Page 137 of Ruthless Devotion
“You think you can buy me! You think you’re going to flash your wealth around and take me out to romantic private island secret restaurants, and take me on some Julia Roberts shopping montage like I haven’t ever had money before and I’m what? Going to forget the circumstances of how we got together?”
He’s leaning against the door, his arms crossed over his chest, a smug smile on his handsome face. “So you admit we’re together?”
I roll my eyes.
“What would it take for me to win you?” He asks.
I don’t bother telling him he could let me go, because that for sure wouldn’t “work” in the way he wants. If he let me go with the expectation that I’d be so grateful I’d just come right back, it defeats the entire purpose of my freedom.
“Nothing. There’s nothing you can do. You can’t erase our history, and you can’t take back the fact that you forced me to marry you and are now keeping me captive in your crime lord estate.”
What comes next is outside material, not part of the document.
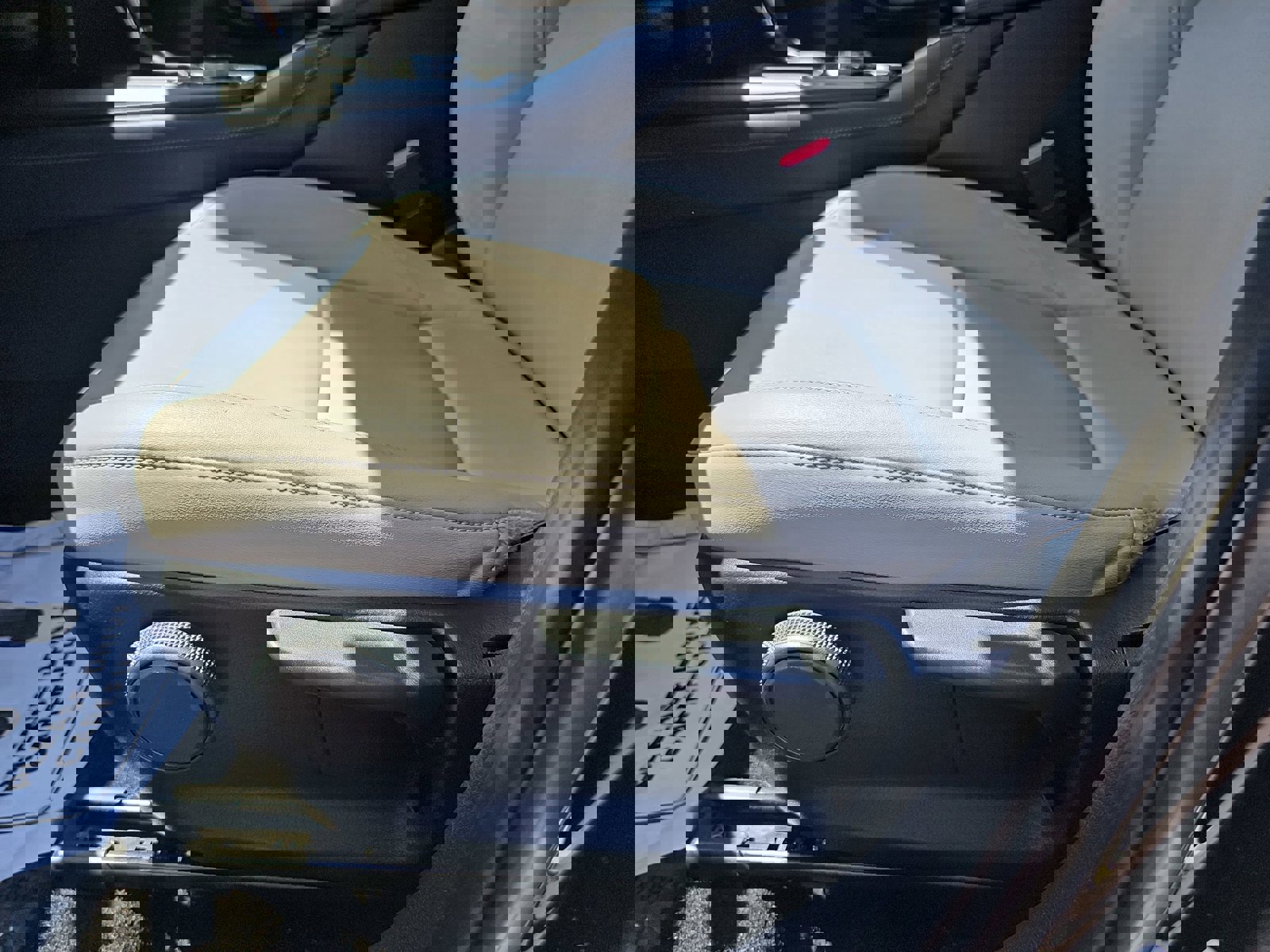 Used 2020 MAZDA CX-30 AWD w/ Select Package image 29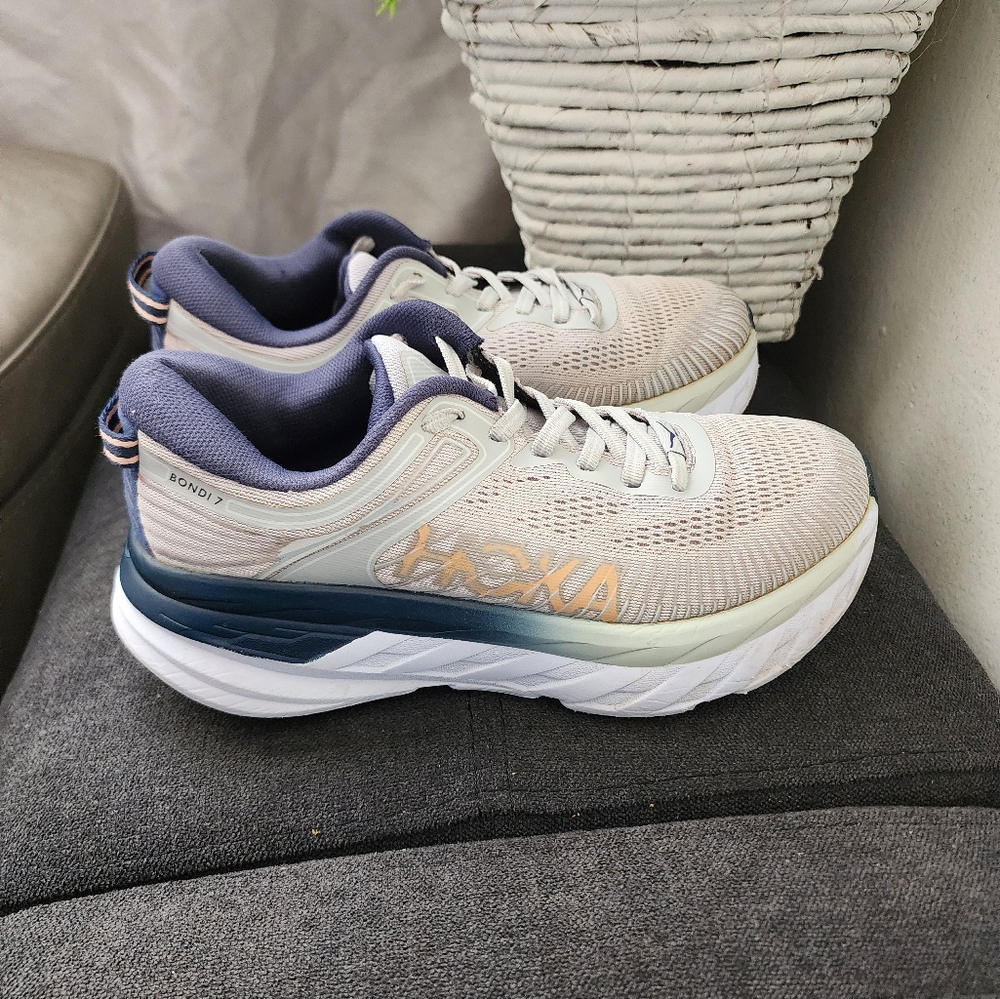 Hoka One on One Womens Bondi  Gray Running Shoes Sneakers Size 6w - Picture 3 of 6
A smirk inches up the side of his face. It’s devastating, but I’m not about to let him know that.
“My crime lord estate?”
I just shrug. It is his crime lord estate. I’m not wrong. Crimes paid for this land and the giant house that sits on it.
“I told you, you can leave the property so long as you have a security detail.”
He pushes off the door and stalks closer to me. I back up until I’m pressed up against his desk. He brushes a strand of hair behind my ear.
“Are you not attracted to me?” he asks, and I see the tiniest bit of the uncertain little boy I rejected so long ago.
“Are you being serious right now? I have a pulse, Aidan. You’re objectively hot, but it doesn’t mean I can trust you. Or that I can forgive you.”
My breath catches in my throat when he leans in and gently kisses the side of my throat.
“I would burn the world down for you,” he murmurs against my skin.
I ignore the flutter in my belly. Just words. Men can say any kind of words they want to get a woman’s romantic mind going. And he never has to make good on any of those words. What does it even mean to burn the world down for someone?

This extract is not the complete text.